I let myself have six hours—Mars hours, admittedly, which were slightly longer than Earth ones—then I headed out to the old shipyard. The sun was just coming up as I arrived there. The sky through the dome was pink in the east and purple in the west.
Some active maintenance and repair work was still done on spaceships here, but most of these hulks were no longer spaceworthy and had been abandoned. Any one of them would make a good hideout, I thought; spaceships were shielded against radiation, making it hard to scan through their hulls to see what was going on inside.
The shipyard was a large field holding vessels of various sizes and shapes. Most were streamlined—even Mars’s tenuous atmosphere required that. Some were squatting on tail fins; some were lying on their bellies; some were supported by articulated legs. I tried every hatch I could see on these craft, but, so far, they all had their airlocks sealed tightly shut.
Finally, I came to a monstrous abandoned spaceliner—a great hull, some three hundred meters long, fifty meters wide, and a dozen meters high. The name Skookum Jim was still visible in chipped paint near the bow, which is the part I came across first, and the slogan “Mars or Bust!” had been splashed across the metal surface in a paint that had survived the elements better than the liner’s name. I walked a little farther alongside the hull, looking for a hatch, until—
Yes! I finally understood what a fossil hunter felt when he at last turned up a perfectly preserved rhizomorph. There was an outer airlock door and it was open. The other door, inside, was open, too. I stepped through the chamber, entering the ship proper. There were stands for holding space suits but the suits themselves were long gone.
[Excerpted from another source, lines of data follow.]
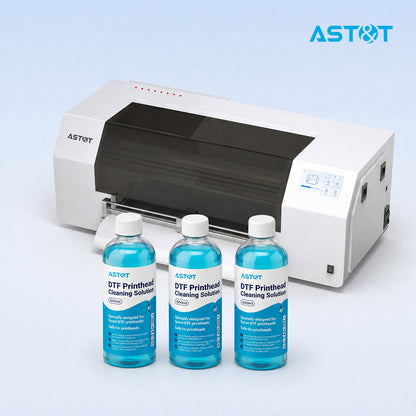 AST&T DTF Cleaning Liquid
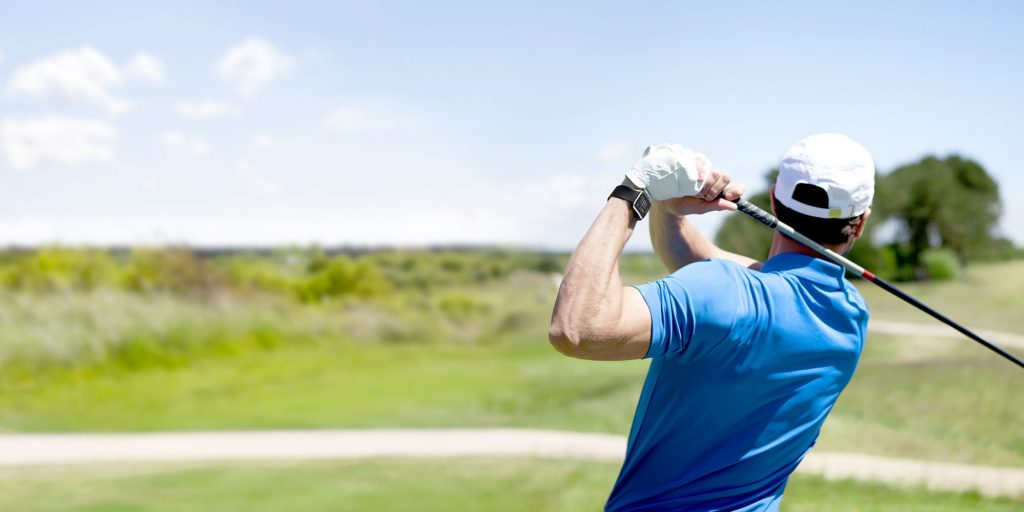 5 Schritte System um ein besserer Golfer zu werden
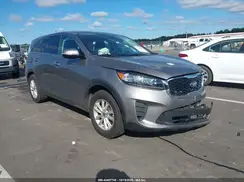 5XYPG4A3XKG504384 2019 KIA SORENTO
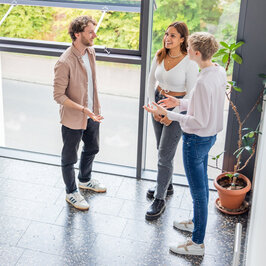 BWL mit Schwerpunkt Psychologie (I3887)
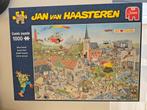 Puzzel van haasteren, Ophalen of Verzenden, Zo goed als nieuw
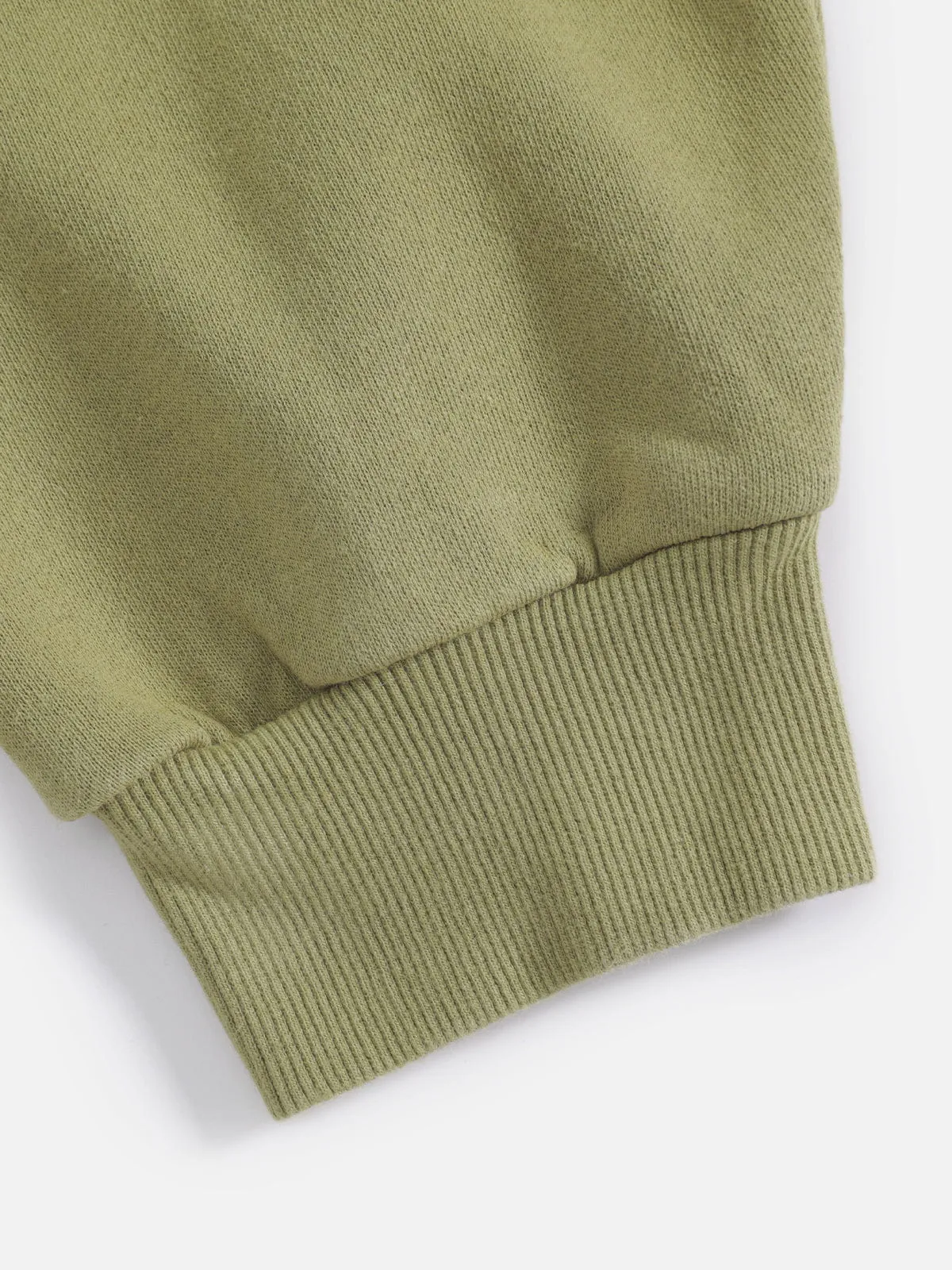 Aelfric Eden Boxy Embroidered Floral Pullover Hoodie sold by Aelfric Eden product image thumbnail 5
I walked to the far end of the room and found another door—one of those submarine-style ones with a locking wheel in the center. This one was closed; I figured it would probably have been sealed shut at some point, but I tried the wheel anyway, and damned if it didn’t spin freely, disengaging the locking bolts. I pulled the door open, then took the flashlight off my belt and aimed it into the interior. It looked safe, so I stepped through. The door was on spring-loaded hinges; as soon as I let go of it, it closed behind me.
The air was dry and had a faint odor of decay to it. I headed down the corridor, the pool of illumination from my flashlight going in front of me, and—
A squealing noise. I swung around, and the beam from my flashlight caught the source before it scurried away: a large brown rat, its eyes two tiny red coals in the light. People had been trying to get rid of the rats—and cockroaches and silverfish and other vermin that had somehow made it here from Earth—for mears.
I turned back around and headed deeper into the ship. The floor wasn’t quite level: it dipped a bit to—to starboard, they’d call it—and I also felt that I was gaining elevation as I walked along. The ship’s floor had no carpeting; it was just bare, smooth metal. Oily water pooled along the starboard side; a pipe must have ruptured at some point. Another rat scurried by up ahead; I wondered what they ate here, aboard the dead hulk of the ship.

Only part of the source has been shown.